I keep hearing the prep is worse than the actual event. Is it almost unanimous to get one?
 
The actual event for me was they knocked me out and I woke up later farting, and not knowing what happened.
Girlfriend was entertained, other than the farting. (which kept me entertained)
I'd recommend vaseline before and during prep. You'll use a lot of toilet paper.....
 
Instead of a new thread, I'll ask here. I have no known family history of problems 'down there', but I'm working up the thought of a 1st colonoscopy. The stats are, almost 55, yes a guy.

I keep hearing the prep is worse than the actual event. Is it almost unanimous to get one?
Yes, get one. The prep is an annoyance but a bit of planning minimizes the discomfort. Check with the insurance to see what they pay. It is considered preventative care.
 
I'll add that whatever you choose to flavor the colon blow powder with, make it something you don't intend to drink for the rest of your life. I flavored mine with Crystal Light Margarita flavor. I haven't had a real margarita to this day and that was 4 years ago.
 
Instead of a new thread, I'll ask here. I have no known family history of problems 'down there', but I'm working up the thought of a 1st colonoscopy. The stats are, almost 55, yes a guy.

I keep hearing the prep is worse than the actual event.

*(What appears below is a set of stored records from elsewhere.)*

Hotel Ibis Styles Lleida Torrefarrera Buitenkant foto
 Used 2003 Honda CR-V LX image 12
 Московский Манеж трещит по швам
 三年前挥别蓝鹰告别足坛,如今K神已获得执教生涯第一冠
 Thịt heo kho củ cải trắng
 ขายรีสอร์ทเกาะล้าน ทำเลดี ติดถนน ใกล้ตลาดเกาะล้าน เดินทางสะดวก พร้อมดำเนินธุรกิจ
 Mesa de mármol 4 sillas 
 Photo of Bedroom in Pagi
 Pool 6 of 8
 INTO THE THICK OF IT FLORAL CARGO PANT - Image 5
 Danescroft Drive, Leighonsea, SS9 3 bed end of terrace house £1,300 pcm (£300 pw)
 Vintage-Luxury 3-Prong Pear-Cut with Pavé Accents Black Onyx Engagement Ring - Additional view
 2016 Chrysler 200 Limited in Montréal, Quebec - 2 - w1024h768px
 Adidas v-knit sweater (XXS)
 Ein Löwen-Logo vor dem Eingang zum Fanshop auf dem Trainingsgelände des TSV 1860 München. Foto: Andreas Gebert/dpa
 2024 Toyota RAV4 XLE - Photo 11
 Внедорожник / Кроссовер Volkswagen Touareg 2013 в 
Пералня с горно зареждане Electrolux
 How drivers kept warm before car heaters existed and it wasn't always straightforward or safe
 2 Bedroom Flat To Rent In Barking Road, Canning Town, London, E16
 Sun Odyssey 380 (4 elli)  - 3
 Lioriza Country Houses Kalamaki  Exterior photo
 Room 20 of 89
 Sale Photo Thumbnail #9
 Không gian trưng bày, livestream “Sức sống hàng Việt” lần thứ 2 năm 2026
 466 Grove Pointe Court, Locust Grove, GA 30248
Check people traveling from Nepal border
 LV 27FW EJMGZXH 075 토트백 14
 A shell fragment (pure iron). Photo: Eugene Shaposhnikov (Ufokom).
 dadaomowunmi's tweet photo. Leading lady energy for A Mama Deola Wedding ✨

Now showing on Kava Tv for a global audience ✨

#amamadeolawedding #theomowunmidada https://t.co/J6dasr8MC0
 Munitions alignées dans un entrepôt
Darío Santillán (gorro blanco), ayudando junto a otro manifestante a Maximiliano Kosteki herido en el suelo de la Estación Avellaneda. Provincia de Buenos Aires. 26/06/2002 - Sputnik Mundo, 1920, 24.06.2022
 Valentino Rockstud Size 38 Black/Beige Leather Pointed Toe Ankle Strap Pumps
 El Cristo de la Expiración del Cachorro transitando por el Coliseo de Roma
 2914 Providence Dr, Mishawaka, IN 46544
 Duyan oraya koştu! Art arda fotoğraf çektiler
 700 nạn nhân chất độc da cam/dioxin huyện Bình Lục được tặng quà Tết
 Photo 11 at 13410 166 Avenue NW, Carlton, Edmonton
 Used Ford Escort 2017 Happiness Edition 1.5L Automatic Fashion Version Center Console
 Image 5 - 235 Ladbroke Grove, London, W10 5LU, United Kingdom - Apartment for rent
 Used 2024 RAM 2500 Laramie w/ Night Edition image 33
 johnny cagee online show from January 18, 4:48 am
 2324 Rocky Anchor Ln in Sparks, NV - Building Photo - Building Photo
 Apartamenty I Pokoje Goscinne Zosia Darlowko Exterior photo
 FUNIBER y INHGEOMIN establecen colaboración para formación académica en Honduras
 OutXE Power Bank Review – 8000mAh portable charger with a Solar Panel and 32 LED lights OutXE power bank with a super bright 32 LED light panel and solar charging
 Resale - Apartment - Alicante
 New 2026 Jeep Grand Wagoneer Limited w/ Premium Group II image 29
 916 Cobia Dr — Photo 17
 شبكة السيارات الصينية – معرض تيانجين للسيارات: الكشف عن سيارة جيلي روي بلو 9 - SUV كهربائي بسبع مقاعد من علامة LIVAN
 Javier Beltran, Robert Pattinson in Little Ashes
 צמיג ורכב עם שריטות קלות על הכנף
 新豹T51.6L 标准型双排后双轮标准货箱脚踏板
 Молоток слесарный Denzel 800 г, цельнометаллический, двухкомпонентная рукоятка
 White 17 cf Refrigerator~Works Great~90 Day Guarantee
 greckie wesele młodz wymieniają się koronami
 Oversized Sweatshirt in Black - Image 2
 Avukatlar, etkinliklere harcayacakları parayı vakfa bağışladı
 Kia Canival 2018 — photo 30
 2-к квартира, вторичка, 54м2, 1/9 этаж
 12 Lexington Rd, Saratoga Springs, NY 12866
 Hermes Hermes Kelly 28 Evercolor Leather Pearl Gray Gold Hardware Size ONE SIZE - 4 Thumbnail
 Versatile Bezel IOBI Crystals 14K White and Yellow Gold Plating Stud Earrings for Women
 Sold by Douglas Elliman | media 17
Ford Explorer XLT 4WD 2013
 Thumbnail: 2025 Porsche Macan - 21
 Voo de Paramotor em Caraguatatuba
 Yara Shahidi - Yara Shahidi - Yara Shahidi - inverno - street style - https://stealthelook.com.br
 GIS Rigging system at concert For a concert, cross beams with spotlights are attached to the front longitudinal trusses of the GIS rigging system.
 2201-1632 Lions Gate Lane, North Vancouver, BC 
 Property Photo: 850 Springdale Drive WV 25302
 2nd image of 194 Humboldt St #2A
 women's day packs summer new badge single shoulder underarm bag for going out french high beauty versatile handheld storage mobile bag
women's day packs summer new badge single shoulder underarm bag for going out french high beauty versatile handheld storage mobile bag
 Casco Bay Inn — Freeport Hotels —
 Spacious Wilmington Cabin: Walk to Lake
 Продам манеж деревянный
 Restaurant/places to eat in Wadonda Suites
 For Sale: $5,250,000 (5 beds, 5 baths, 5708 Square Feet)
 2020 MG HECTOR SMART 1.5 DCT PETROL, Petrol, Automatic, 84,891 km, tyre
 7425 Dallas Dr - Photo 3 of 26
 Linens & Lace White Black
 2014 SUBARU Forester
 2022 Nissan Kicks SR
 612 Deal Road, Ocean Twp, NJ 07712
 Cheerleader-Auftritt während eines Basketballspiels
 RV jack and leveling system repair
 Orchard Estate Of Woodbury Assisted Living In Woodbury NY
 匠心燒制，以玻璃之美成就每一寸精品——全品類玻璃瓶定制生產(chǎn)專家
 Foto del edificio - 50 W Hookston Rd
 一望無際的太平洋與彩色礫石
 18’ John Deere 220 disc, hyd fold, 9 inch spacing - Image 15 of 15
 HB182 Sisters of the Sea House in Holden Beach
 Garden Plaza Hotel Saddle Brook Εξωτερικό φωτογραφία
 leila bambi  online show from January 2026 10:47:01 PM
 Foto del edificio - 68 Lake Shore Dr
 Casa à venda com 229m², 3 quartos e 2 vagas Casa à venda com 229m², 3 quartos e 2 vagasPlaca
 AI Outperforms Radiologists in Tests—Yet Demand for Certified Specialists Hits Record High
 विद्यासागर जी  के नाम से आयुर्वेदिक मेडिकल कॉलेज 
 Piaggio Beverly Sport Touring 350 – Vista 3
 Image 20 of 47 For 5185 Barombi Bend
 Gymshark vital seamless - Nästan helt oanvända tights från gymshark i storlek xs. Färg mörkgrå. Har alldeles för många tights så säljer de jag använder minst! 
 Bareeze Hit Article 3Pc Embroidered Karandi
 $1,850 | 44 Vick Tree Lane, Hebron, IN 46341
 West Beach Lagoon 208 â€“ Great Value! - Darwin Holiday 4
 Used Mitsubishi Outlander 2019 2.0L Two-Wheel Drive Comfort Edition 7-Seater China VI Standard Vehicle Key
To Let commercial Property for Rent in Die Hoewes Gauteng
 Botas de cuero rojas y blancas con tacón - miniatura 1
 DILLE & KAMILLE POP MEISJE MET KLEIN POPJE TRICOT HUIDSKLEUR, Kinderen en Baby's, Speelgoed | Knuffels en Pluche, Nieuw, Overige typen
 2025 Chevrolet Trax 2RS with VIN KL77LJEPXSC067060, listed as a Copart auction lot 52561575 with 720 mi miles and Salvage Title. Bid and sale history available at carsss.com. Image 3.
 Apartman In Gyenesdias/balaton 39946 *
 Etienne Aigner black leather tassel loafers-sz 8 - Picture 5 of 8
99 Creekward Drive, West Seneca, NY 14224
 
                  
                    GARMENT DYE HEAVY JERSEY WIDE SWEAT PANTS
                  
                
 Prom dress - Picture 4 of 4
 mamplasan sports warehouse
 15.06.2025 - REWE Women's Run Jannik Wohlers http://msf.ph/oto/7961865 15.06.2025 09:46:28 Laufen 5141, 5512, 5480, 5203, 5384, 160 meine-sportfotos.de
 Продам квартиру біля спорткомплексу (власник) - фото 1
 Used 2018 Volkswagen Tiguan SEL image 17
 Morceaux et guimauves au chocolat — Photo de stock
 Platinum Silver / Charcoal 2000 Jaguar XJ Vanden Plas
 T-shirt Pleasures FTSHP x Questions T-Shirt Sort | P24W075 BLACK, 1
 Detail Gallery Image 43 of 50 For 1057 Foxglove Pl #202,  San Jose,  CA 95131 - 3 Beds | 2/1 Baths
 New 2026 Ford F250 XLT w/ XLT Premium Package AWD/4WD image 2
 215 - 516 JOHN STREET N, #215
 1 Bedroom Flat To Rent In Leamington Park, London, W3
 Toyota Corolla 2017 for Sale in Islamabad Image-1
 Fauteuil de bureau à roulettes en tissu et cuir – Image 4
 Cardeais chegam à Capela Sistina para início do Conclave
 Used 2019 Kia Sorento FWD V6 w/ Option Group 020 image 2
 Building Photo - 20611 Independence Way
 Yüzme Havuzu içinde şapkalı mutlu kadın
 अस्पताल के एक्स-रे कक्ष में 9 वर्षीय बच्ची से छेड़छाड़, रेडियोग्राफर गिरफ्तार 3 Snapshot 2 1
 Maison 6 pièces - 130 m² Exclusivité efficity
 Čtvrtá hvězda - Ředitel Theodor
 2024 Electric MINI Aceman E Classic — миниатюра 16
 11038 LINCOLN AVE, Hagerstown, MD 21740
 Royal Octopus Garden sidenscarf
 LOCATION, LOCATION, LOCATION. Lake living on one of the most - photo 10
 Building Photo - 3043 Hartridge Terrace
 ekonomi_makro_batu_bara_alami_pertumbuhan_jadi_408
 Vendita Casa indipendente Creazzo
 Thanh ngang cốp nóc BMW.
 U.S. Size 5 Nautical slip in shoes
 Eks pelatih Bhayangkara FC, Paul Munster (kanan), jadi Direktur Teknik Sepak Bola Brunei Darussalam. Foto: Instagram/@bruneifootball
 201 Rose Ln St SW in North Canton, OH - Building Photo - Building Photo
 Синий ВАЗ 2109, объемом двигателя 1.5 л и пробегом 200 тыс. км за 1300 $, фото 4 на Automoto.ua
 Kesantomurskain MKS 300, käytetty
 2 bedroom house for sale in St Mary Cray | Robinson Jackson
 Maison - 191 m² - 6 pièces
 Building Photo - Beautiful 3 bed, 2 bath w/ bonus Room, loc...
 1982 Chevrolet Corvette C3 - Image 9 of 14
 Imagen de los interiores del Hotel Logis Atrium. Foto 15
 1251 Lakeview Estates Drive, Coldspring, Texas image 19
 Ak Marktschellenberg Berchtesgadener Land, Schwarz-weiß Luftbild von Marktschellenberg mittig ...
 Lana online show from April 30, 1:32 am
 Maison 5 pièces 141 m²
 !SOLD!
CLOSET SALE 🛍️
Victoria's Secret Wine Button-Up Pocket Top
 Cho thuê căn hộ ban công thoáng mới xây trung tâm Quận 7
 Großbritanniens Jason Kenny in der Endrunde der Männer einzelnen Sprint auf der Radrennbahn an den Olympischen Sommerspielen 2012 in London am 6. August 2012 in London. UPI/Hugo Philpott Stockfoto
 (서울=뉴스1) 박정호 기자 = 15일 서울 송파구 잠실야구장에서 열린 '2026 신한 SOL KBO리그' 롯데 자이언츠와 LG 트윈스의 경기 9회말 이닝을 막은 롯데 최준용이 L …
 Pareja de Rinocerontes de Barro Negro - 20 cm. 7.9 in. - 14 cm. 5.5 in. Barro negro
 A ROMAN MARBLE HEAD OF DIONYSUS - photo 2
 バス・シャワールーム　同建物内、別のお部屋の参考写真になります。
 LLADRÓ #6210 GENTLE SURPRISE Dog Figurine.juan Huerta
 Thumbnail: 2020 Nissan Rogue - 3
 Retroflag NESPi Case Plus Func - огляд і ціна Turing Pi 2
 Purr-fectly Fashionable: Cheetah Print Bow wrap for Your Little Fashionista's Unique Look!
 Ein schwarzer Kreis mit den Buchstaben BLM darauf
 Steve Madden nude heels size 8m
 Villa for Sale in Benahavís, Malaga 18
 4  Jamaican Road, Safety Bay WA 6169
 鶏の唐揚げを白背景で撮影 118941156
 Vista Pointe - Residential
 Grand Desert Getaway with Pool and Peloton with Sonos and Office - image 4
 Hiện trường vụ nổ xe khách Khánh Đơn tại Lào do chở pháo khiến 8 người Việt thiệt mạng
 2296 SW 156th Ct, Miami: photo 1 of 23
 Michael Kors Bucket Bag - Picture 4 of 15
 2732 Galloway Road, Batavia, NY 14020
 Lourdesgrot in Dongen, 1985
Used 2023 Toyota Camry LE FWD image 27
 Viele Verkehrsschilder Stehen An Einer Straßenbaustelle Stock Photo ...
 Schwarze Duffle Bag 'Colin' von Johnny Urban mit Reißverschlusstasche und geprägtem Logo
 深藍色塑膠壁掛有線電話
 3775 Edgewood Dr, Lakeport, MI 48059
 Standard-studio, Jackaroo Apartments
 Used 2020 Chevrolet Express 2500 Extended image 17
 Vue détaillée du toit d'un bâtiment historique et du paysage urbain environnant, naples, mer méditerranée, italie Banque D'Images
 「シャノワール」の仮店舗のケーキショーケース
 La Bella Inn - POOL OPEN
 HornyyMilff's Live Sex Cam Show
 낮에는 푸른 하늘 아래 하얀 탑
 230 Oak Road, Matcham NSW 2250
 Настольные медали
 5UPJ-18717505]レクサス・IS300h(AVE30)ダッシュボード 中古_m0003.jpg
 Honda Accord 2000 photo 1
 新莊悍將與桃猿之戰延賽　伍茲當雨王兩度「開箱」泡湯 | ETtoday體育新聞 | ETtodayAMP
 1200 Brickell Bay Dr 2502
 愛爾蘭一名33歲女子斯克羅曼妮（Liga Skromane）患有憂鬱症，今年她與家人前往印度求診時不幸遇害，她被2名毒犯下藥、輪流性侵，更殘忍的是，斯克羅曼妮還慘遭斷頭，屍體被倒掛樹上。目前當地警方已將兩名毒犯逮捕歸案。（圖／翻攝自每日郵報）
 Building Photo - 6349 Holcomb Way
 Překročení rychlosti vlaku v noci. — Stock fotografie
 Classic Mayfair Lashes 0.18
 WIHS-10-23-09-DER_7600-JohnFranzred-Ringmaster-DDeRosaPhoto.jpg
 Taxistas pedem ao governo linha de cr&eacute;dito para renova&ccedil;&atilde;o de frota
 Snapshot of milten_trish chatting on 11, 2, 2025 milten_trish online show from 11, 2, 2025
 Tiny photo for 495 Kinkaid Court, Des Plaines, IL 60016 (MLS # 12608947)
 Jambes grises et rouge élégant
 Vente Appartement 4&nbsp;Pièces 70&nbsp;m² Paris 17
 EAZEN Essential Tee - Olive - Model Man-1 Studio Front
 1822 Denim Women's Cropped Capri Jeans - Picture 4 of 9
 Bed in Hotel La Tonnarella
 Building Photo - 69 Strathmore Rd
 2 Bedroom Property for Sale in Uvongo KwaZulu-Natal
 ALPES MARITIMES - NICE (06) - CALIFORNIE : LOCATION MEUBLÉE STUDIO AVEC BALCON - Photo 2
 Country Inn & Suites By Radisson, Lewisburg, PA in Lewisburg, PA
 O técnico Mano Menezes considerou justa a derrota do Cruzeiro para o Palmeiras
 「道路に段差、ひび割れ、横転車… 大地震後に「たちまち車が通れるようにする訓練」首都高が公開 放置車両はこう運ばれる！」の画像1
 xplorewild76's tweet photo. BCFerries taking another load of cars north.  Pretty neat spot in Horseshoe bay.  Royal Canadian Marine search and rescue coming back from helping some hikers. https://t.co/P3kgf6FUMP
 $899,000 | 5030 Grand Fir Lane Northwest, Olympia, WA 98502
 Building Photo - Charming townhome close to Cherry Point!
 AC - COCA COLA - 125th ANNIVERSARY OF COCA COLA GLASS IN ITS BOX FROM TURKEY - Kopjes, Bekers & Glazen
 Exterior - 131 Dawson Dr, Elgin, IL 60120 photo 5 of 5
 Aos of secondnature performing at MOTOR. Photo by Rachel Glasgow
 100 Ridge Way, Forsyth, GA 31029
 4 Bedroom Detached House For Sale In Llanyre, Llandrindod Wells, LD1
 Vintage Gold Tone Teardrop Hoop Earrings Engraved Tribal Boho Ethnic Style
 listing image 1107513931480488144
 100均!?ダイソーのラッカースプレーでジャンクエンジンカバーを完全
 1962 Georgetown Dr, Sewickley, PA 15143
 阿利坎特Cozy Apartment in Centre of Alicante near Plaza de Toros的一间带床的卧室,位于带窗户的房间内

Is it almost unanimous to get one?

For peace of mind if anything else - yes. Not all of us know our family history.
 
Instead of a new thread, I'll ask here. I have no known family history of problems 'down there', but I'm working up the thought of a 1st colonoscopy. The stats are, almost 55, yes a guy.

I keep hearing the prep is worse than the actual event. Is it almost unanimous to get one?
No, it's not unanimous to get one. But consider this: I have personally known, or been very close to someone that knew three people that died of colon cancer. It is a terrible way to die. I am quite sure I would find a way to kill myself once the wasting away and the pain began.

All three of those people that died had decided against a colonoscopy because it was too inconvenient. Every one of them spent their final days encouraging others to have it done asap.
 
I go to my regular flight Doc tomorrow. He said he would do the required 'recommendation' for the colonoscopy, hopefully that will be enough.
 
My insurance company is going for the poop tests these days except I'd already had a prior colonoscopy and found precancerous polyps so I'm on the regular schedule anyhow.

Most of the gastroenterologists around here have an "express" path into the colonoscopy. If you don't answer any questions YES on their screening questions and your insurance company is game, your first visit to them is the actual colonoscopy.